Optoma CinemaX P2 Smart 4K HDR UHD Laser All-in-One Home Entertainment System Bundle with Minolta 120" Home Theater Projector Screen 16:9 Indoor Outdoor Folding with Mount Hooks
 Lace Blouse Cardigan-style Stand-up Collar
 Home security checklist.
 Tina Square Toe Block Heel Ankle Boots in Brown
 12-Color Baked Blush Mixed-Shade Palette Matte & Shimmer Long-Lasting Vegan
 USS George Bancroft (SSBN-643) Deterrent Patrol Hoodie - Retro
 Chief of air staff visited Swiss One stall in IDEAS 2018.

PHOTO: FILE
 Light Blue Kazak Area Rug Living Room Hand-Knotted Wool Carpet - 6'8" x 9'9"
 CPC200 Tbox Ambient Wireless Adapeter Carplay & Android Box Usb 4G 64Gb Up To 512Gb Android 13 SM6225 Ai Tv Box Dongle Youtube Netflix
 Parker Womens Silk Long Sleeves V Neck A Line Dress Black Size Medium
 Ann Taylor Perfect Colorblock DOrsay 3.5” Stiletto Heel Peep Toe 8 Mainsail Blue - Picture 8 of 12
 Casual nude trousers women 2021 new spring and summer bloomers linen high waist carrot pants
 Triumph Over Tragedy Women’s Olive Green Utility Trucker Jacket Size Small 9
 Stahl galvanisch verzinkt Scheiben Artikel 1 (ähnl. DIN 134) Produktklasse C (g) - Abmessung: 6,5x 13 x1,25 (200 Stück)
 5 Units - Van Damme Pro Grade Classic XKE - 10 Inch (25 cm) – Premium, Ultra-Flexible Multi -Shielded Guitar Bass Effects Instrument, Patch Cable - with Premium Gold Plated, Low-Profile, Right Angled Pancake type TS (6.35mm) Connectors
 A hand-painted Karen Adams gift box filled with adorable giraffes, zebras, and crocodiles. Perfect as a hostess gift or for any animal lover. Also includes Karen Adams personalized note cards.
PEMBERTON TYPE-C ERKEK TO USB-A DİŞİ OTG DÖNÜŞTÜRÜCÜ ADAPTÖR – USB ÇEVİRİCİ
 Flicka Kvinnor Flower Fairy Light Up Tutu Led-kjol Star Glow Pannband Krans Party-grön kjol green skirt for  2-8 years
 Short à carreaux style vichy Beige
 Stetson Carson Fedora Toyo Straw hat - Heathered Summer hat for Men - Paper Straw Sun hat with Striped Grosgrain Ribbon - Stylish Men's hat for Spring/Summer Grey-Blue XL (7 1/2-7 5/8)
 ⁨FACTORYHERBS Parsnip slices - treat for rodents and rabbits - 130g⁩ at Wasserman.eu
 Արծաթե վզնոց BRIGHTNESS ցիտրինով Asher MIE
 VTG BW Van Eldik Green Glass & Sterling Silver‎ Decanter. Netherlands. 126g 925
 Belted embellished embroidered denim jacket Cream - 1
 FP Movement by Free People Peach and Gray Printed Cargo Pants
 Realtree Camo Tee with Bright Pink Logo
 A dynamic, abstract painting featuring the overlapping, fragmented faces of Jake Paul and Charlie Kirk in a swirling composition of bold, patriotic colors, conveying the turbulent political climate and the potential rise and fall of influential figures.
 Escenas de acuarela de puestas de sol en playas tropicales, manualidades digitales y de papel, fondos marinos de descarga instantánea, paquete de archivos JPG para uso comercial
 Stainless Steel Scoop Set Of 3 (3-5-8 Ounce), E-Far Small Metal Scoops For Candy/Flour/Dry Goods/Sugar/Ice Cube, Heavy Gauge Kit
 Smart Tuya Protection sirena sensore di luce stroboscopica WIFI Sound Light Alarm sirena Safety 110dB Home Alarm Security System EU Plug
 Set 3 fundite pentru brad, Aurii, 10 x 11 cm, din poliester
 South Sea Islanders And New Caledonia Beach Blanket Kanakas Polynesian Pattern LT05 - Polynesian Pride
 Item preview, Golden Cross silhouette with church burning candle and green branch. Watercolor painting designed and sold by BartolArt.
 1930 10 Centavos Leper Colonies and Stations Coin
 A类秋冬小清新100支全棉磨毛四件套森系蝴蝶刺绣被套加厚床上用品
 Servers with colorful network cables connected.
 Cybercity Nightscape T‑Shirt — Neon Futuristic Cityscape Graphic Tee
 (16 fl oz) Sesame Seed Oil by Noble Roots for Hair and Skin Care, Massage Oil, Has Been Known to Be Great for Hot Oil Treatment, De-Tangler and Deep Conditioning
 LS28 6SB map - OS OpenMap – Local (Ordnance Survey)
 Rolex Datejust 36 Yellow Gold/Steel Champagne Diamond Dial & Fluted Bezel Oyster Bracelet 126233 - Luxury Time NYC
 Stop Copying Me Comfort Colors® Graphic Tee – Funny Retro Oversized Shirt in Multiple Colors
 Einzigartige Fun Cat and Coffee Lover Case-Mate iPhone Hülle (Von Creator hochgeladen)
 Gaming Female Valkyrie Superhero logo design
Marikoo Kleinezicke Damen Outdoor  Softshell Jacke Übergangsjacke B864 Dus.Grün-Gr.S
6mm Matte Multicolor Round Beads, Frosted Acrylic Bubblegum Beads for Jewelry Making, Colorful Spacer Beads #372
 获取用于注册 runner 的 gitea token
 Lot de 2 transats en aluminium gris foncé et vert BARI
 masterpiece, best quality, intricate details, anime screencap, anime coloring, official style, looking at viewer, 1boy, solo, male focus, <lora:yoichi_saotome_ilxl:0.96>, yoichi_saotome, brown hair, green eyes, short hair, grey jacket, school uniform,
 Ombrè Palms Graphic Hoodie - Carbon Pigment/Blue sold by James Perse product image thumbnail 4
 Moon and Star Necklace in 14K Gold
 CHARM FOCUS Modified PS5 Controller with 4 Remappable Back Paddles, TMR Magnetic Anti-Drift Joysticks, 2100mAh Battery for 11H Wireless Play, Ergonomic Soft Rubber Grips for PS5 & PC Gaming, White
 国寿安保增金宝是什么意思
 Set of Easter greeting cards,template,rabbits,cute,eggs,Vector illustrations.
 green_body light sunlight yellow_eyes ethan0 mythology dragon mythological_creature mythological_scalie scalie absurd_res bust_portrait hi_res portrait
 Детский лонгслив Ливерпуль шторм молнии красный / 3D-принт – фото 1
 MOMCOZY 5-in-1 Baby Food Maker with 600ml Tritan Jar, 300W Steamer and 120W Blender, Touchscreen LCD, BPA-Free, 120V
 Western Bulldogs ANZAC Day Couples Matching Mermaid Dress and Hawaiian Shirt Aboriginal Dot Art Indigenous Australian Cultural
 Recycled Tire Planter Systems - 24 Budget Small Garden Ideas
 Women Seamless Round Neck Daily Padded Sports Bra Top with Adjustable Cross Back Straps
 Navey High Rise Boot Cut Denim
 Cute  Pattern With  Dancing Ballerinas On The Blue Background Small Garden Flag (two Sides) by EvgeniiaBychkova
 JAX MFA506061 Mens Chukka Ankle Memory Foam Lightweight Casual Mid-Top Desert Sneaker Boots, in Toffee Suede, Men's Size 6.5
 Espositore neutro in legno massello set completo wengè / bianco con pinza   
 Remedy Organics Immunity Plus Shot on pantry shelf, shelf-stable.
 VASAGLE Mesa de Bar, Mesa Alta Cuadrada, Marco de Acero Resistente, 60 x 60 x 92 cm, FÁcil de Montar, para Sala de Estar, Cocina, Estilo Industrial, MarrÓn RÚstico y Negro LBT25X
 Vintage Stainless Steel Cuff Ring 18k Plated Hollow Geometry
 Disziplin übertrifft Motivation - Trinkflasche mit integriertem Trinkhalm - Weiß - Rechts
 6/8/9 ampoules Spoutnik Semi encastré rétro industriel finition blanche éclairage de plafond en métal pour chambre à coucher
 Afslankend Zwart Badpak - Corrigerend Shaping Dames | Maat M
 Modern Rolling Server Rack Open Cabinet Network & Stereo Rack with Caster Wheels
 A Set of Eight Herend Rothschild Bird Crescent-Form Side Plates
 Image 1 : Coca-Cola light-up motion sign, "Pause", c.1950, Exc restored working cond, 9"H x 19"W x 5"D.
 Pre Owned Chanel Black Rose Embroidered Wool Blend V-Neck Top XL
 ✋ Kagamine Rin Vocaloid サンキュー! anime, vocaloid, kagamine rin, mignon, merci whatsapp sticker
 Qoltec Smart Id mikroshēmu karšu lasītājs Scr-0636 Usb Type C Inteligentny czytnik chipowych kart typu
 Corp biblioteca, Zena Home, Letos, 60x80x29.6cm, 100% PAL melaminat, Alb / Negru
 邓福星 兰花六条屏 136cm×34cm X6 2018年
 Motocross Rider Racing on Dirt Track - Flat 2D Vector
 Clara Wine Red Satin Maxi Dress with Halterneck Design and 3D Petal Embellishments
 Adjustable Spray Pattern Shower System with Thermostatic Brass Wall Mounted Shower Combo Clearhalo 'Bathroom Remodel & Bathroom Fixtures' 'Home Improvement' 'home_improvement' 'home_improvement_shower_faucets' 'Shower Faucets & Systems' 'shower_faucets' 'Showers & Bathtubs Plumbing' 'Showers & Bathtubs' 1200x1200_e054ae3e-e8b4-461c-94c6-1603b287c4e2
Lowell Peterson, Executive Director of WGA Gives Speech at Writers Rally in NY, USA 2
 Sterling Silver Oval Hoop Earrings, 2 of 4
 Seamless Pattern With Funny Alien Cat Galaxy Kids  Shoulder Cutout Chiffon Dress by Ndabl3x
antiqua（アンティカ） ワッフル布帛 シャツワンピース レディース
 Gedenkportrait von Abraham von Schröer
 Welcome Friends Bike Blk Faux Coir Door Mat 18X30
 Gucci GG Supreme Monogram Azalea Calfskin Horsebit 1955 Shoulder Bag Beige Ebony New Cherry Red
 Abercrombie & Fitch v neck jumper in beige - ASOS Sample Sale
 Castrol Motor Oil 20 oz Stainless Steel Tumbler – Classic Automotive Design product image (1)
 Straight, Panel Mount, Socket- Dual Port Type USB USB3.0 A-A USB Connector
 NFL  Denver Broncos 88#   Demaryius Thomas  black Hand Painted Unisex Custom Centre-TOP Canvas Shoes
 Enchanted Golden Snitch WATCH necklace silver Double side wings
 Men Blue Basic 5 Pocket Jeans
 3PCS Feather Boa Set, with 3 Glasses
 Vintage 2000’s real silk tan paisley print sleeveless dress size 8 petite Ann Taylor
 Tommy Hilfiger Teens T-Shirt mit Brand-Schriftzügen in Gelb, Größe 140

* _What you have to do_
Look above for the line with "Espositore neutro in" and the line with "6/8/9 ampoules Spoutnik". Write out those two lines and all the lines between them, exactly, and no others.

* _Exercise result_
 Espositore neutro in legno massello set completo wengè / bianco con pinza   
 Remedy Organics Immunity Plus Shot on pantry shelf, shelf-stable.
 VASAGLE Mesa de Bar, Mesa Alta Cuadrada, Marco de Acero Resistente, 60 x 60 x 92 cm, FÁcil de Montar, para Sala de Estar, Cocina, Estilo Industrial, MarrÓn RÚstico y Negro LBT25X
 Vintage Stainless Steel Cuff Ring 18k Plated Hollow Geometry
 Disziplin übertrifft Motivation - Trinkflasche mit integriertem Trinkhalm - Weiß - Rechts
 6/8/9 ampoules Spoutnik Semi encastré rétro industriel finition blanche éclairage de plafond en métal pour chambre à coucher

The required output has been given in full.